Prompt
I need the lines below from the one with "Finished inking my" down to the one with "ONLY Green Smile" reproduced exactly, both ends included, and nothing else.

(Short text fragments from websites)

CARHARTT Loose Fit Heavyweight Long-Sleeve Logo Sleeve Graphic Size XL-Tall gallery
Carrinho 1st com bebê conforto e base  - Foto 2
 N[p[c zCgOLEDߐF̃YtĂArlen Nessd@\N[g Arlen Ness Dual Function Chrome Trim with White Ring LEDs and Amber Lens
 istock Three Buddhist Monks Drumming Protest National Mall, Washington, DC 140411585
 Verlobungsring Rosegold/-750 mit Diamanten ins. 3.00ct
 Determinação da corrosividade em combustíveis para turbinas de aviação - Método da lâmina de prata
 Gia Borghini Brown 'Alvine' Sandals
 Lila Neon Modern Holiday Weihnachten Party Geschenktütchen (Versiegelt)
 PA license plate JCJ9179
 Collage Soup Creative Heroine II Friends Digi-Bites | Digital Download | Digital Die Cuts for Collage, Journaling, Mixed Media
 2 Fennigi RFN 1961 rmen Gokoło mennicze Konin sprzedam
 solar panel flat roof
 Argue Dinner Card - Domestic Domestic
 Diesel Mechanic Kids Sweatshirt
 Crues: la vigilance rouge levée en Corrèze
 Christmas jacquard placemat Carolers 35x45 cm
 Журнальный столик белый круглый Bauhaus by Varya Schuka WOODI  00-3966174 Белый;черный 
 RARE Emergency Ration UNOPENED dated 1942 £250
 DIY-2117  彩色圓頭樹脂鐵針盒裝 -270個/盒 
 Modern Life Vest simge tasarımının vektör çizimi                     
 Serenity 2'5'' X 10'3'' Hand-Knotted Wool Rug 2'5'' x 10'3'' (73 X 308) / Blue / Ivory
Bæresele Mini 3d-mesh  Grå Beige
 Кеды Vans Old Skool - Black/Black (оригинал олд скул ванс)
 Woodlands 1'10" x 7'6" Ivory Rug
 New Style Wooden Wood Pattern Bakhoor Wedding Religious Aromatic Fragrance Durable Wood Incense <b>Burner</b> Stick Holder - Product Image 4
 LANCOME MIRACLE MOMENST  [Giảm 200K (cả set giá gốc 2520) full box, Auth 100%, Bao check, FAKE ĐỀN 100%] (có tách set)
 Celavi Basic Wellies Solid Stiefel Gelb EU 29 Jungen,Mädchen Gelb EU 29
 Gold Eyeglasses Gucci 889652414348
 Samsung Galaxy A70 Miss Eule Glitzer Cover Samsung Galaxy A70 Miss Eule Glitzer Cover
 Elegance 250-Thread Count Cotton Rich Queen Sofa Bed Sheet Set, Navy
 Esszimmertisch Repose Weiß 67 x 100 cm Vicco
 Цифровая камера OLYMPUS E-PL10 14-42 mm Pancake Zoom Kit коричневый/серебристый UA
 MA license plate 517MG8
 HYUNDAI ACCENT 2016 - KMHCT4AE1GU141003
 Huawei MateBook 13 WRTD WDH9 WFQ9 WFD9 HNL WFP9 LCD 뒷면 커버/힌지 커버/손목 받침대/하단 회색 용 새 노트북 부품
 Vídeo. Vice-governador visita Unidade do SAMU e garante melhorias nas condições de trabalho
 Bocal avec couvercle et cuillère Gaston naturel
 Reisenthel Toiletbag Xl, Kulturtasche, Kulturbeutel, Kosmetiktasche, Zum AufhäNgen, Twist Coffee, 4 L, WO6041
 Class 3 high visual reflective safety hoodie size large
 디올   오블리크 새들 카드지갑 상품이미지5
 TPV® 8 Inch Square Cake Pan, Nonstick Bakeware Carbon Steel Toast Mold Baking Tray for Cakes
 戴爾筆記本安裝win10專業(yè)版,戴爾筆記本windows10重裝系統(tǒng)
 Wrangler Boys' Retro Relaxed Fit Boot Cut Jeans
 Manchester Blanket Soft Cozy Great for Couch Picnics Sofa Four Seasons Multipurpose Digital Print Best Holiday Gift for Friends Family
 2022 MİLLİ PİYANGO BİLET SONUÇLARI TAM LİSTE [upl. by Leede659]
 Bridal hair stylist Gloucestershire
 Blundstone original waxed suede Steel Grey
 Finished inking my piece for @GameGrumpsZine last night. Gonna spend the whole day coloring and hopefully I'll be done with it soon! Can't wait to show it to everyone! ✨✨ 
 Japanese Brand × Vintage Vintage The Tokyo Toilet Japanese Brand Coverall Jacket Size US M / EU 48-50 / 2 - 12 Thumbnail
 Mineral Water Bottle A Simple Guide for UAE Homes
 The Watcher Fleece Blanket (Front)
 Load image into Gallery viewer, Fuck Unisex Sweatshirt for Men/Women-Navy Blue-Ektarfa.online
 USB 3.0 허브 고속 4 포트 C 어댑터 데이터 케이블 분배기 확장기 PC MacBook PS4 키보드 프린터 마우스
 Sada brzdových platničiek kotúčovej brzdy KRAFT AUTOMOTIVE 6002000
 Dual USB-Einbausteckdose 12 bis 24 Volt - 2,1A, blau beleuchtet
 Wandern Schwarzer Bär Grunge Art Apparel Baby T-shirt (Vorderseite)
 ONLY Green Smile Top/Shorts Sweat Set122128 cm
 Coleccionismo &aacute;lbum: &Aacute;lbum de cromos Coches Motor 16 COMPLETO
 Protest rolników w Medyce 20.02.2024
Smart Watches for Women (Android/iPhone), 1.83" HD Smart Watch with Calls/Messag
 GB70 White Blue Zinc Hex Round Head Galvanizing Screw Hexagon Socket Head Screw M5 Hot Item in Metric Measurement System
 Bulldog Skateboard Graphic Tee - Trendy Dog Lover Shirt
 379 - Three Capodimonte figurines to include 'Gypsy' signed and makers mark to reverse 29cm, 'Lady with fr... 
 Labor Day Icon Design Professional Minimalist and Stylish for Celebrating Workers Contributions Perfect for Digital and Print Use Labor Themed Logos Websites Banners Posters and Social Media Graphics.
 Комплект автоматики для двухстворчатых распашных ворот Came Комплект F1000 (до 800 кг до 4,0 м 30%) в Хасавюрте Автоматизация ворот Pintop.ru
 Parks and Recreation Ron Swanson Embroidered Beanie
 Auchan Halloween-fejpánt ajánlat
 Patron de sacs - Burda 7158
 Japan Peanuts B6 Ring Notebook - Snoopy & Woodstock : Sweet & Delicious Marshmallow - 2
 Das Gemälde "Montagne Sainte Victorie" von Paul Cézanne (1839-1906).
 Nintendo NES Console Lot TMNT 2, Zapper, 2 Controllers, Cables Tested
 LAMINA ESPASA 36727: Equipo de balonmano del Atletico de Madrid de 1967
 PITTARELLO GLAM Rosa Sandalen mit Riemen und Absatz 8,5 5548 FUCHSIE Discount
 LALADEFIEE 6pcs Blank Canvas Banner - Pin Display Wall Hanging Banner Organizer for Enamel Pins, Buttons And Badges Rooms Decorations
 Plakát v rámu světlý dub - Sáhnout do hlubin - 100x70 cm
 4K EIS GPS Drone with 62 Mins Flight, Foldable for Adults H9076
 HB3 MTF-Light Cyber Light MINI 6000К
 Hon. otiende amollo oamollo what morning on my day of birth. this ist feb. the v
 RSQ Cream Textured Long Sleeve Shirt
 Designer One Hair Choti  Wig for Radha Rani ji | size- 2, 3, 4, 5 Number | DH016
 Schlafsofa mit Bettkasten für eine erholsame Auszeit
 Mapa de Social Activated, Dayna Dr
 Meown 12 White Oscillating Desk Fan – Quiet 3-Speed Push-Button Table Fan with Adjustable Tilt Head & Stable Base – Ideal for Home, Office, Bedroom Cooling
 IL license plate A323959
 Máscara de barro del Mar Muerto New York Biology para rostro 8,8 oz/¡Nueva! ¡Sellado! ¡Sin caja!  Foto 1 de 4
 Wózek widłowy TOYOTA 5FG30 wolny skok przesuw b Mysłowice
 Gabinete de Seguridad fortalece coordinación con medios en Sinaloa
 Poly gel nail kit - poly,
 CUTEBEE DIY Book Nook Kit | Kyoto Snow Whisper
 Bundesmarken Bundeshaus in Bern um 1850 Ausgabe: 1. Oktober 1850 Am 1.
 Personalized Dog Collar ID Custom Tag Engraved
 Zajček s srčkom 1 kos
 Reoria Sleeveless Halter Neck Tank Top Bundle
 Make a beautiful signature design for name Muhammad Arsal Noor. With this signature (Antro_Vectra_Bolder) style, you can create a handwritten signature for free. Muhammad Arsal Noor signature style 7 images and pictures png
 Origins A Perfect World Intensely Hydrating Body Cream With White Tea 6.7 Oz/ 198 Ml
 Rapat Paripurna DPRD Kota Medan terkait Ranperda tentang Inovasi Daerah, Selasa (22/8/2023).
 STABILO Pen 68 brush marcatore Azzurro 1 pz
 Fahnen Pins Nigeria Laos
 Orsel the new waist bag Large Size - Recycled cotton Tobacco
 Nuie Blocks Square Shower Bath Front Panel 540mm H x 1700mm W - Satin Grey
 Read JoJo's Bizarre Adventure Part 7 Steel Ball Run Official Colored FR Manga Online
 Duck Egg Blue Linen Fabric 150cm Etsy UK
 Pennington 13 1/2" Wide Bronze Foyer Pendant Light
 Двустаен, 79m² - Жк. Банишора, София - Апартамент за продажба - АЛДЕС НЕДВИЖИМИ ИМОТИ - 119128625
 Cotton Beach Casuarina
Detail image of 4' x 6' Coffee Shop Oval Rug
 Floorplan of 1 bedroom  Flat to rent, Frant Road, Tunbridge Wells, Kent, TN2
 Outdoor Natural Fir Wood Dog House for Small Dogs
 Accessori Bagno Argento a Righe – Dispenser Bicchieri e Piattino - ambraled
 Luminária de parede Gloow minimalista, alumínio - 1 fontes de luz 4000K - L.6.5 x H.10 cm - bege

Solution below
 Finished inking my piece for @GameGrumpsZine last night. Gonna spend the whole day coloring and hopefully I'll be done with it soon! Can't wait to show it to everyone! ✨✨ 
 Japanese Brand × Vintage Vintage The Tokyo Toilet Japanese Brand Coverall Jacket Size US M / EU 48-50 / 2 - 12 Thumbnail
 Mineral Water Bottle A Simple Guide for UAE Homes
 The Watcher Fleece Blanket (Front)
 Load image into Gallery viewer, Fuck Unisex Sweatshirt for Men/Women-Navy Blue-Ektarfa.online
 USB 3.0 허브 고속 4 포트 C 어댑터 데이터 케이블 분배기 확장기 PC MacBook PS4 키보드 프린터 마우스
 Sada brzdových platničiek kotúčovej brzdy KRAFT AUTOMOTIVE 6002000
 Dual USB-Einbausteckdose 12 bis 24 Volt - 2,1A, blau beleuchtet
 Wandern Schwarzer Bär Grunge Art Apparel Baby T-shirt (Vorderseite)
 ONLY Green Smile Top/Shorts Sweat Set122128 cm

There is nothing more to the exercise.